Auschwitz: 75th
Aushchwitz-Birkenau was a death concentration camp way back World War 11. An infamous extermination camp, it was primarily built by the Nazis to murder Jews. With an estimated 1.3 million prisoners of war who were thrown there, approximately 1.1 million Jews were gassed there-and that was about a sixth of their whole population. Other cases of deaths in the dire camp were starvation and infectious diseases of sorts. Exactly 75 years ago, Auschwitz was at last liberated by the Red Soviet Army.
Last January 27, 2020, the International Holocaust Memorial Day was commemorated by the world. Put up by United Nations, it was attended by known world leaders, Holocaust survivors and sympathizers of the humanitarian cause.
Lecturing about the Holocaust to my students in World History was no easy feat.
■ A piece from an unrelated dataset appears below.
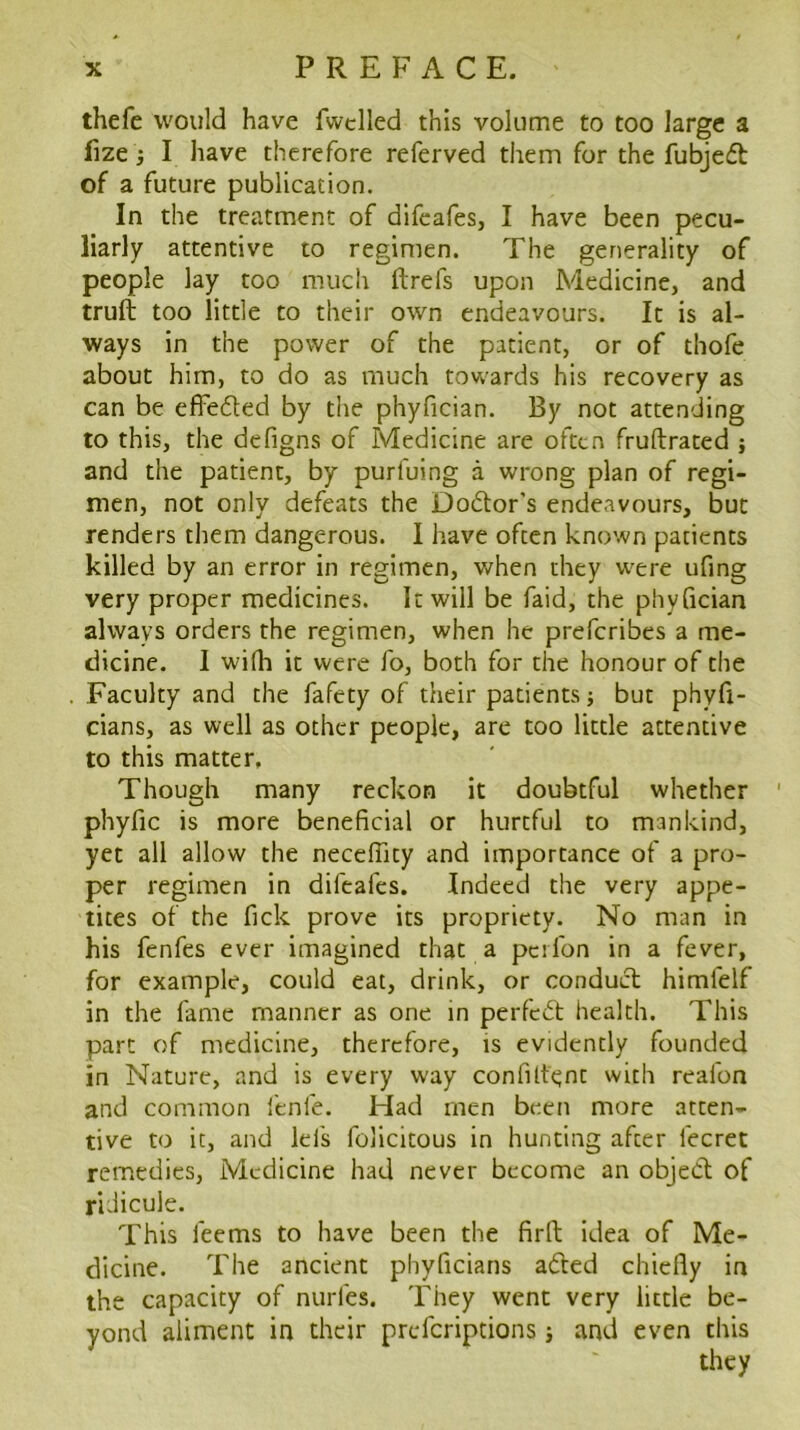 thefe would have fwclled this volume to too large a fize j I have therefore referved them for the fubjed of a future publication. In the treatment of difeafes, I have been pecu- liarly attentive to regimen. The generality of people lay too much ftrefs upon Medicine, and truft too little to their own endeavours. It is al- ways in the power of the patient, or of thofe about him, to do as much tovvards his recovery as can be efFeded by the phyfician. By not attending to this, the defigns of Medicine are often fruftrated j and the patient, by purfuing a wrong plan of regi- men, not only defeats the Dodor’s endeavours, but renders them dangerous. I have often known patients killed by an error in regimen, v/hen they w^ere ufing very proper medicines. It will be faid, the phyfician always orders the regimen, when he preferibes a me- dicine. I wilh it were fo, both for the honour of the Faculty and the fafety of their patients j but phyfi- cians, as well as other people, are too little attentive to this matter, Though many reckon it doubtful whether phyfic is more beneficial or hurtful to mankind, yet all allow the necefllty and importance of a pro- per regimen in difeafes. Indeed the very appe- tites of the fick prove its propriety. No man in his fenfes ever imagined that a peifon in a fever, for example, could eat, drink, or condud himfelf in the fame manner as one in perfed health. This part of medicine, therefore, is evidently founded in Nature, and is every way confUtejnt with reafon and common fenfe. Had men been more atten- tive to it, and lefs felicitous in hunting after fecret remedies, Medicine had never become an objed of ridicule. This feems to have been the fird idea of Me- dicine. The ancient phyficians aded chiefly in the capacity of nurfes. They went very little be- yond aliment in their preferiptions j and even this they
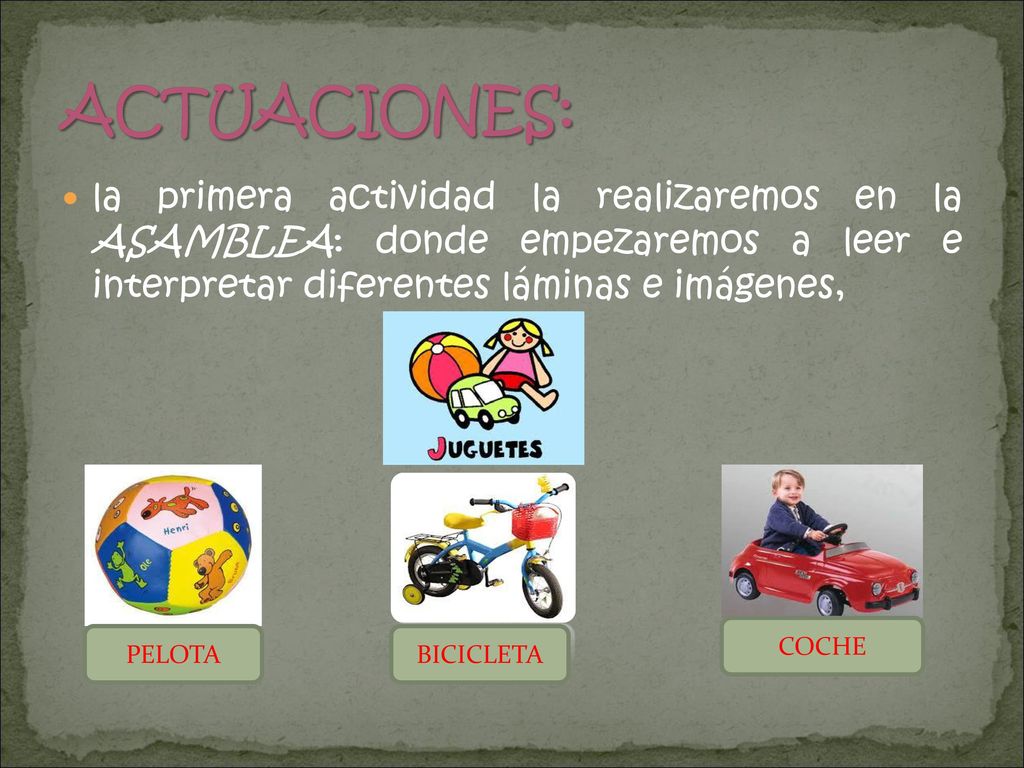 ACTUACIONES: la primera actividad la realizaremos en la ASAMBLEA: donde empezaremos a leer e interpretar diferentes láminas e imágenes,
For one thing, I wasn’t around yet when that horrifying genocide in history transpired. And my students were mostly born in the early 2000s. So there was a wide discrepancy in terms of knowledge, understanding and assimilation into the matter.
My edge is that I have always been a World War 11 buff. I have read a litany of books, seen movies and mini series on the war stuff and collected memorabilia about that span of time. I don’t know why or I can’t explain clearly. It’s just that I have a gnawing feeling and an inclination to recline on the past and relish its historical heritage that has continued to shape our world today.
What my students couldn’t fathom is how come a maniacal and evil-possessed tyrant like Hitler would have wanted to extinguish 6 million Jews and get away with it in the end? What did the Jews have that made them different from the other races?
I had to picture to my students the concept of the “Aryan Race” that Hitler used to encapsulate the German people. Hitler was a firm believer that their race was superior and thus above all other races. He was obsessed with “racial purity.” He poisoned the German people into believing that the Jews were outcasts and stateless breed that needed to be expunged and eradicated from the foot of the earth.
Auschwitz was not the only death camp that the Nazis constructed. There were others like Dachau, Bergen-Belsen, Mauthausen and Treblinka. But among these, Auschwitz was the most distinct because it was were the inhumane gassing mostly occurred. During the peak of World War 11 between 1942-1945, around 6,000 Jews were sent daily for disinfection to the camp. It meant those who were unfit to do forced labor were made to go to the “shower rooms” where they met their untimely deaths. Inside the gas chambers, the lethal insecticide Zyklon B was released to kill the innocent Jews. The dead bodies were then deposited into the “ovens” or crematoriums for disposal.
Relaying to my students the root cause of the Jewish genocide was just as hard. I had to explain to them about German philosophy, misplaced hatred and bigotry. And that racial discrimination is a worst crime to deal with and it has to be combated.
Not all proved futile among the Jewish people who survived the War. For in 1948, the state of Israel was finally given to them. If there was one great lesson that could be gleaned from the Holocaust- it was the right of every human being to have a home he could claim as his own.